Problem requirements: Any pictures in the records below must be left out when you repeat the lines from the line containing "Tower of God Chapter 524 - Page 175" through the line containing "5808 Hooper, Los Angeles CA 90011" exactly.

Recorded data:
==*==

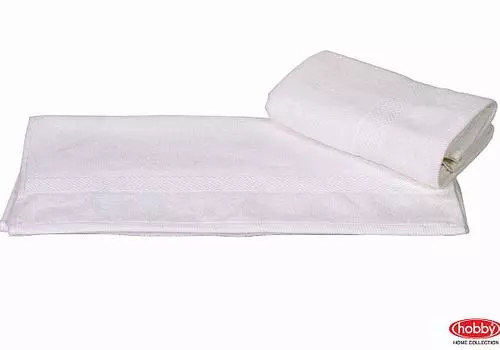 Меркурио (белый)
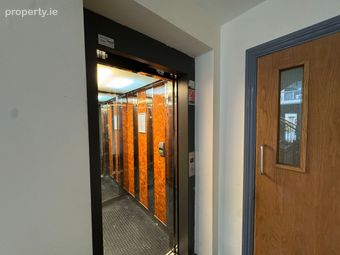 Apartment 14, Block A, Lansdowne Valley Apartments, Slievebloom Road, Dublin 12, Dublin 12 - Image 3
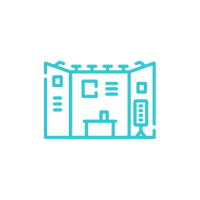 BENEFÍCIOS DA CATEGORIA DE VISITANTE
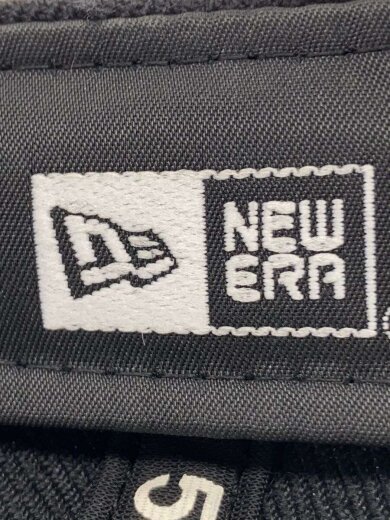 画像：NEW ERAキャップ/--/メンズ5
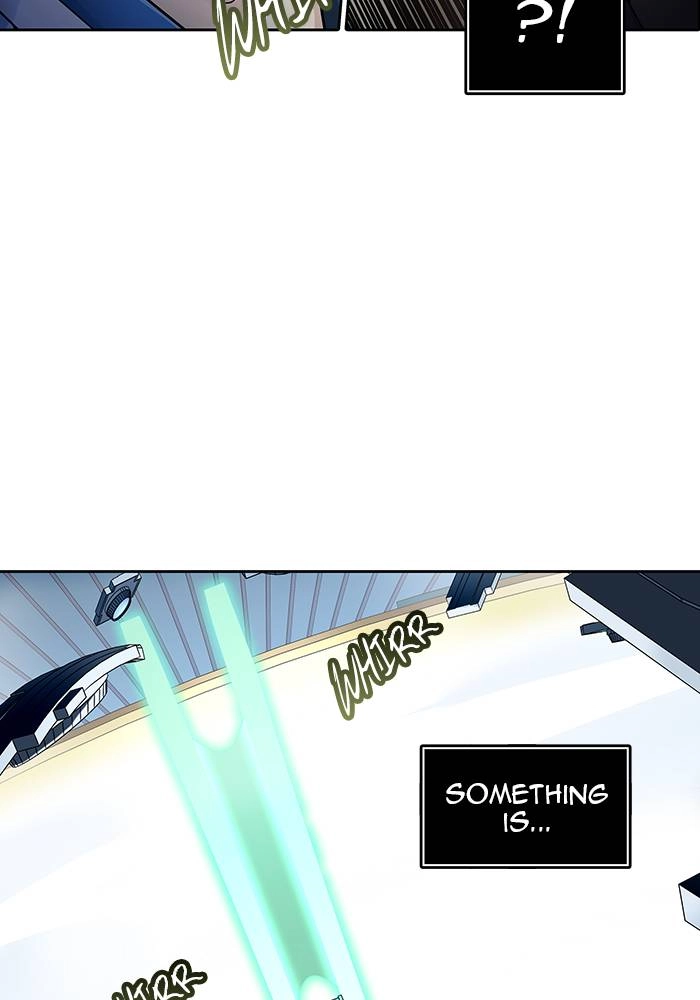 Tower of God Chapter 524 - Page 175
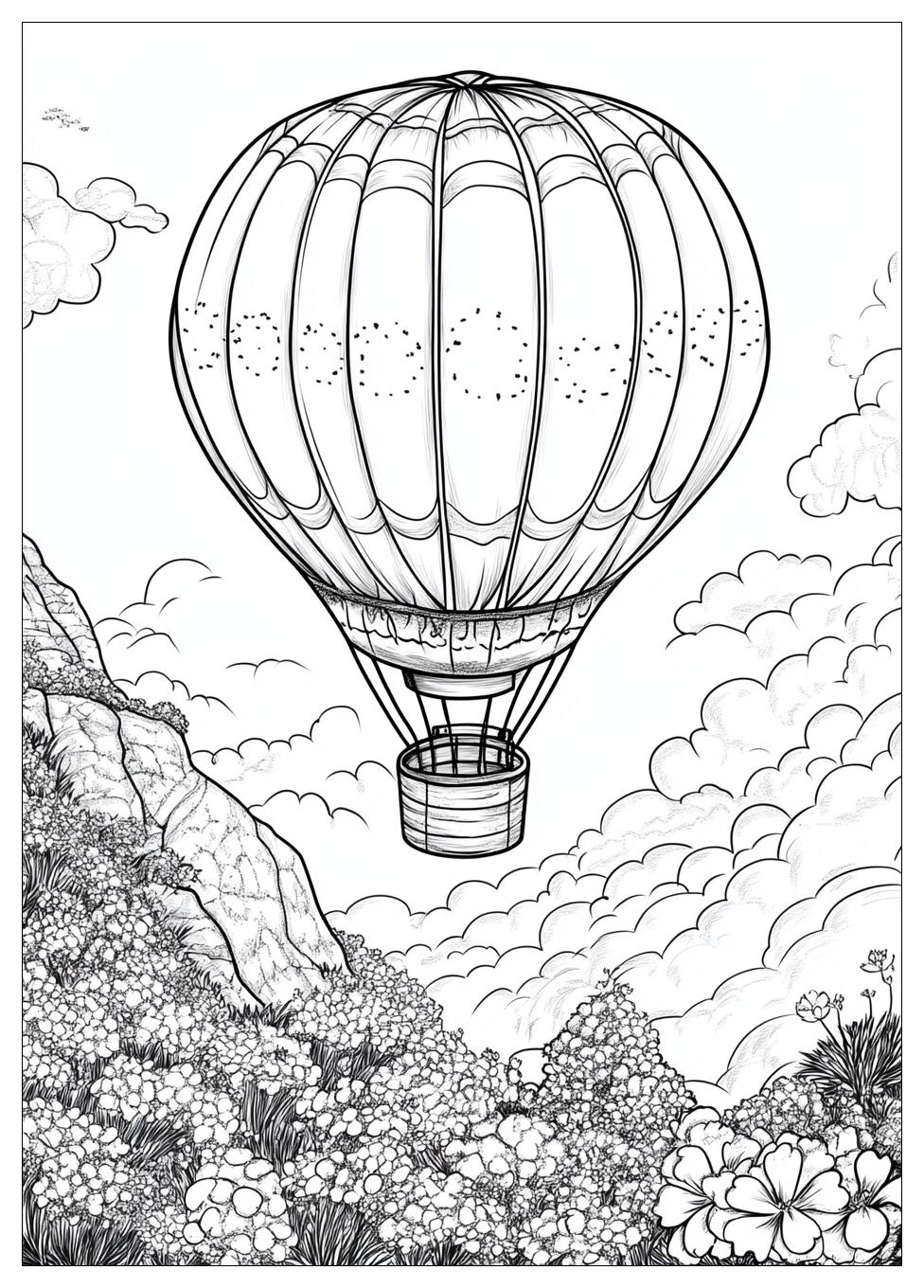 hot_air_balloon_coloring_pages_11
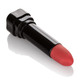 Hide & Play Lipstick Vibrator Red by Cal Exotics - view 4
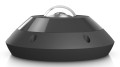 Ubiquiti G6 Pro 360 Kopułowa Kamera bezpieczeństwa IP Wewnętrz i na wolnym powietrzu 3504 x 3504 px Sufit / Ściana - 2945847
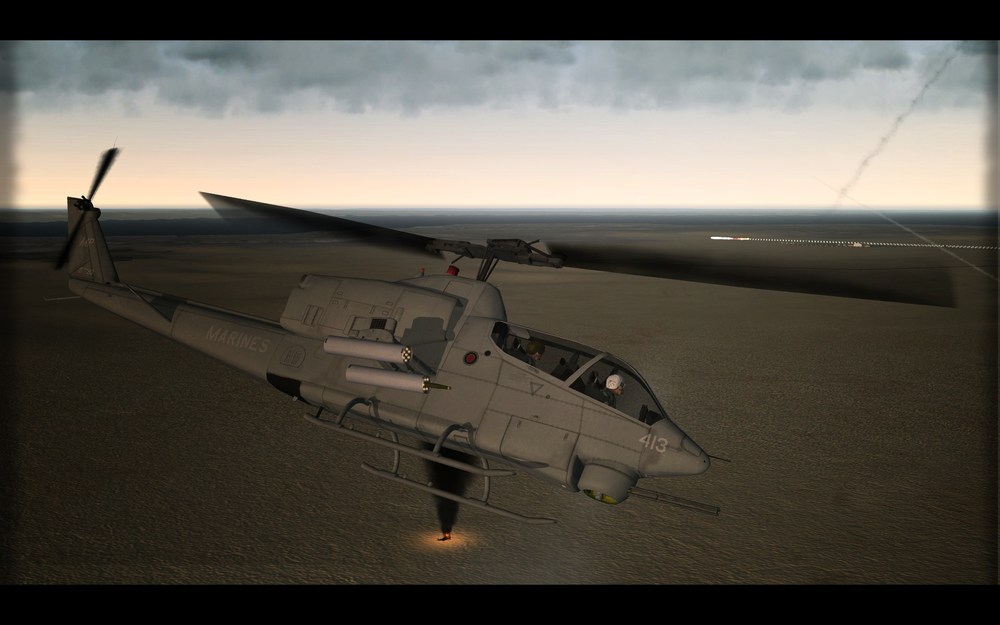 SEACOBRA_01.thumb.jpg.9cbb8695e2f754073e4d014664eba1a9.jpg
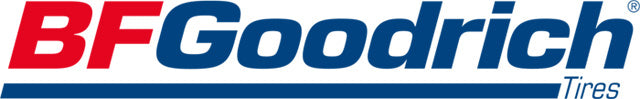 BFGodrich Logo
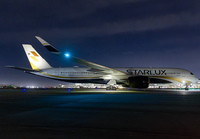 Filename=STARLUX_A350-900_B-58503_LAX_0226_2_JP_small.jpg
Filesize=863KiB
Dimensions=1400x973
Date added=Jul 04, 2026 STARLUX_A350-900_B-58503_LAX_0226_2_JP_small.jpg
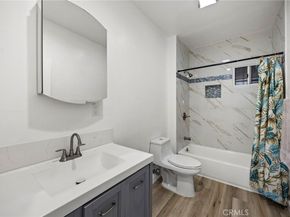 5808 Hooper, Los Angeles CA 90011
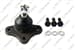 On Salıncak Ust Rotıl Ford Ranger 98>12 Mazda Bt50 96>12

==*==

Exercise response:
 Tower of God Chapter 524 - Page 175
 hot_air_balloon_coloring_pages_11
 Hide & Play Lipstick Vibrator Red by Cal Exotics - view 4
 Ubiquiti G6 Pro 360 Kopułowa Kamera bezpieczeństwa IP Wewnętrz i na wolnym powietrzu 3504 x 3504 px Sufit / Ściana - 2945847
 SEACOBRA_01.thumb.jpg.9cbb8695e2f754073e4d014664eba1a9.jpg
 BFGodrich Logo
 Filename=STARLUX_A350-900_B-58503_LAX_0226_2_JP_small.jpg
Filesize=863KiB
Dimensions=1400x973
Date added=Jul 04, 2026 STARLUX_A350-900_B-58503_LAX_0226_2_JP_small.jpg
 5808 Hooper, Los Angeles CA 90011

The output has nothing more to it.